While we’ve covered the background of the Saburomaru Distillery a few times already, here’s a not-so-quick recap:
- A sake maker called Wakatsuru Shuzo, tracing its history back to 1862, started using the summer off-season to make whisky from 1952 due to post-war rice shortages.
- The “Sunshine Whisky” brand was introduced in 1953 and is still available today.
- Almost immediately after that release, around 2100 square meters of the distillery burned to the ground. With help from the local community, they were able to rebuild and even introduce an Arospass continuous still.
- Though Sunshine Whisky has been available in the ensuing decades, distillation at the distillery was suspended in the early naughts because of market downturn and the distillery falling into a state of disrepair.
- Current president Takahiro Inagaki launched a crowdfunding campaign in 2016 and raised 38 million yen–far over the 25 million yen target–to refurbish the distillery.
- Those refurbishments were completed in 2017, and in June 2019, the distillery began using the world’s first cast pot stills, dubbed “ZEMON.” Now patented, the stills are an alloy of ~90% copper and ~8% tin.
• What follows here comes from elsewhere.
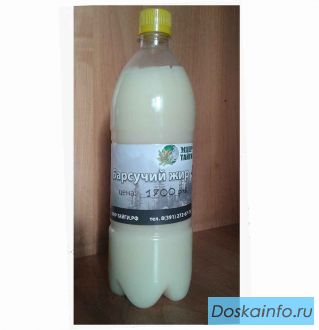 Продам барсучий жир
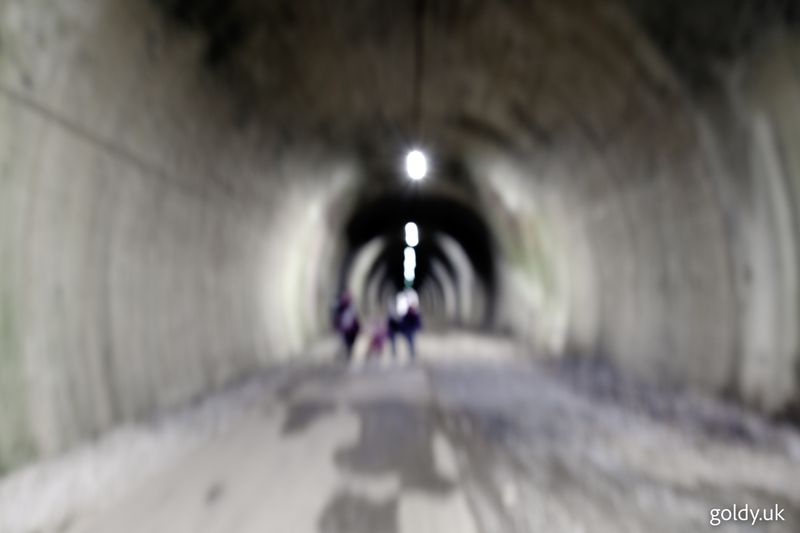 XT5F6765.jpg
Yup, bronze! Bronze has several advantages over traditional copper pot stills. Tin is the traditional metal for sake cups, and it’s said to make sake more mellow. Using bronze gives the still a rough surface, i.e. more surface area. In a pot still, that means more flavor. For example, furfural, which contributes to sweet caramel-like notes of your distillate, goes from 2.4ppm on a copper still to 19ppm on ZEMON…. a 791% increase. Because ZEMON is cast, it’s also modular — if you want a bigger pot still, you can add more height to the pot portion. The thicker walls and bronze also means ZEMON retains heat far better than thin copper alone. ZEMON can distill 188% more spirit with the same amount of energy a copper still requires.
- Another advantage is ZEMON can quickly be deployed at other distilleries: Gifu Prectures’s first whisky distillery, the Hida Takayama Distillery, has its “ZEMON II” stills on the stage of an old high school gymnasium.
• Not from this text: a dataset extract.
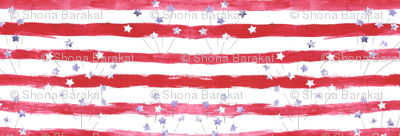 American fireworks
- The Saburomaru Distillery focuses on crafting peated whisky, and they are experimenting with malting Toyama-grown barley as well.
That’s all to say the modern Saburomaru Distillery was born of post-war food shortages, fire, a downturn in the domestic whisky market, crowdfunding, and an entirely new breed of pot still.
So there’s plenty of innovation behind the ZEMON stills–the concept and execution went on to win several awards from both local and national governments, as well as “Casting of the Year” from the Japan Foundry Engineering Society.
Inagaki-san himself is heavily involved in the craft Japanese whisky scene. He co-founded T&T Toyama, Japanese whisky’s first independent bottler, and he regularly does consulting work to help other Japanese whisky distilleries get off the ground.
Saburomaru IV The Emperor Release Event
On to the whisky itself, “Saburomaru IV The Emperor” is the distillery’s latest release in their tarot series. Despite being called “IV,” it’s actually the fifth release in the series because the first release was called “Saburomaru 0 The Fool.” At an event in Tokyo a few months back, Inagaki-san took us through this new bottle.
Saburomaru IV highlights the scientific approach Saburomaru takes towards creating great whisky. That’s because, apart from the peating, it’s identical to Saburomaru III (“The Empress”). While III uses Islay peated malt–the first release from Saburomaru that did–IV uses Highland peated malt.
And that’s it! Otherwise, everything else is exactly the same! Same washbacks, same yeasts, same mash tuns, same pot stills, same casks, and same maturation duration. Inagaki-san says it’s the first time in the world a distillery has done a release like this.
I’m thankful he did, because it’s rare that we get the opportunity to hone in on such a minor, yet important, part of a whisky’s overall flavor profile. With the vast majority of releases, even from the same distillery, we’re essentially comparing apples to oranges. A single malt whisky is a blend of several single casks of malt whisky from the same distillery, but they aren’t necessarily using the same ratio of say Ex-Bourbon and Sherry for a 12-year age statement versus a 16-year age statement.
“The Emperor” was chosen due to its direct, more powerful in-land peat than “The Empress,” which presents a softer, more marine profile (Theodora may disagree with the naming here).
This slide from Inagaki-san’s seminar captures the evolution of the distillery. For malt, in 2020 they added Islay malt to go with the Highland peat they’ve been using since 2016 and earlier. In 2018 they replaced their mash tuns and began taking a 3rd squeeze of wort in 2023. The yeast arsenal has expanded to include pressed/fresh yeast, ales, and whisky yeasts. They added a single wooden mash tun in 2020, and added another in 2022. The stills, of course, switched to Zemon in 2019.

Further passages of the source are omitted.